The serials crisis is over, and other fairy tales

From "Not Looking for Sympathy", an interview With Derk Haank, CEO, Springer Science+Business Media, by Richard Poynder:
"...the serials crisis, which [Derk Haank] says was resolved in the 1990s, after publishers introduced the Big Deal. Librarians will surely disagree. Haank responds by pointing out that the number of papers published each year continues to grow at 6% to 7%. Consequently, he says prices must inevitably rise a little each year. And he is confident the research community will eventually agree, since "scientists have to have sufficient funding to keep abreast of new developments." As such, he says the current difficulties are cyclical, not structural. He adds that librarians' current fad for publicly berating publishers overpricing is simply a canny negotiating strategy intended to put pressure on publishers. While this makes life more difficult, he says he is not looking for sympathy.
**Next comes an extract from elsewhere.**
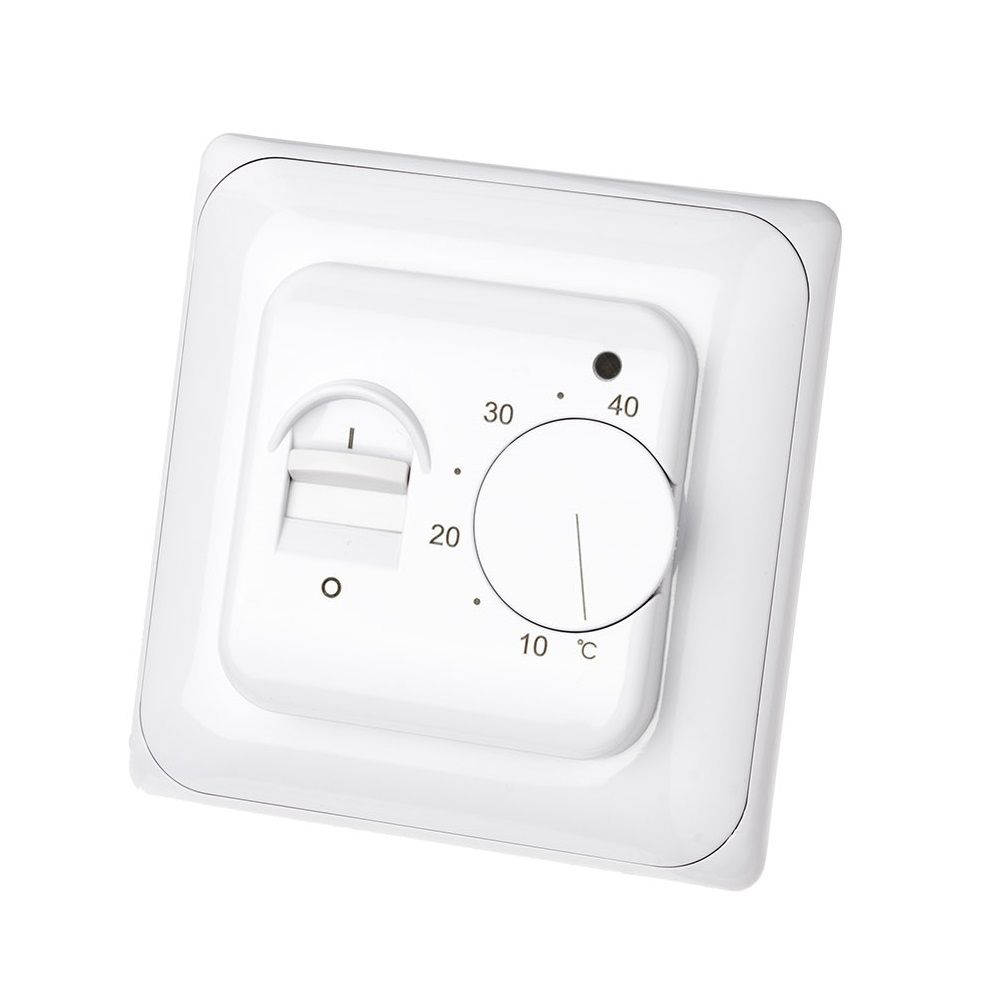 Термостат механический TDM Electric ТТП с датчиком 3 м белый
Here then is our conversation, which has been edited for style."
Problems:
  1. As supply increases, price typically falls.  This is a pretty standard economic concept, but perhaps the economics of scholarly communication works in a completely different way.  It would have been great to have a little more exploration of this idea instead of it just being presented as obvious fact.
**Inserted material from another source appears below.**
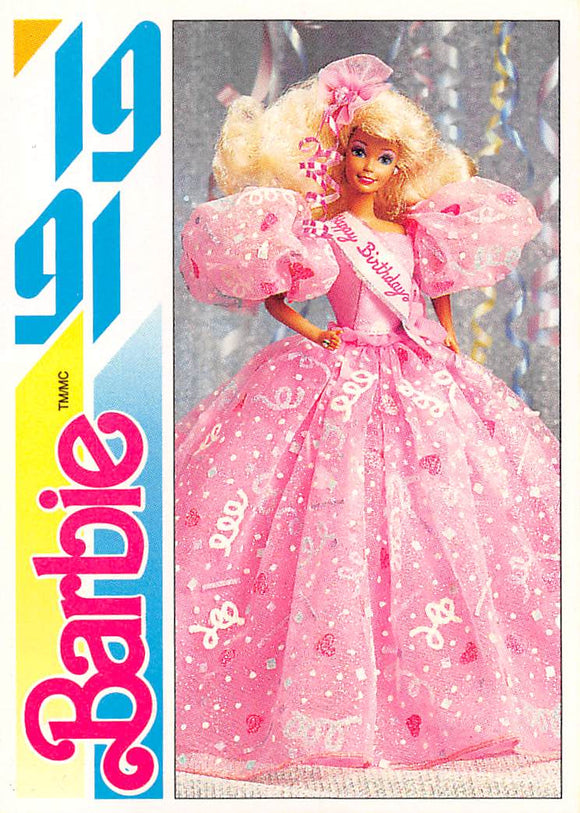 1991 Action/Panini Another First for Barbie 192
  2. The "papers published" number is controlled by the publishers.  They are not at the mercy of this number.  So even if the increase in supply requires an increase in price, it is still artificial since the publishers do not have to publish more just because there are more submissions.
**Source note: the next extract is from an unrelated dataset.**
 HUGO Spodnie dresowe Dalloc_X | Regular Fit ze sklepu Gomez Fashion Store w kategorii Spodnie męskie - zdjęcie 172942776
  3. Scientists (or academics, researches, professionals) need to keep abreast of new developments.  But they are not able to take in 6-7% more content each year.  They have a limit.  And at some point in a mature academic's life, it certainly decreases each year.  Perhaps publishers need to do a better job of "culling the herd", of reducing the numbers of publications, to keep only the best work, to help academics be able to focus on what they need.
  4. Librarians are not typically canny negotiators.  We have too much work to do, dealing with crappy budgets, changing technologies, and needy patrons.  lol  But honestly, "negotiating" with vendors is not as subtle as this suggests.  And besides, reading through the entire interview, this seems to be his response to anything that librarians (and others) state:  it's just a negotiating ploy.  Translation:  we're liars just trying to get a lower price.
When I first started reading this, I was hoping to get an entertaining and informative view of the issue from the other side (especially considering the glowing introduction in the article) but there was not that much information and, I suppose, the charm didn't translate into text.  Perhaps I did get a view from the other side but it appears to have been the biased, profit-oriented side that cynical librarians tend to see the publishers on.

But perhaps I'm a little biased myself...  I'm not NOT involved in all this.  What do you think?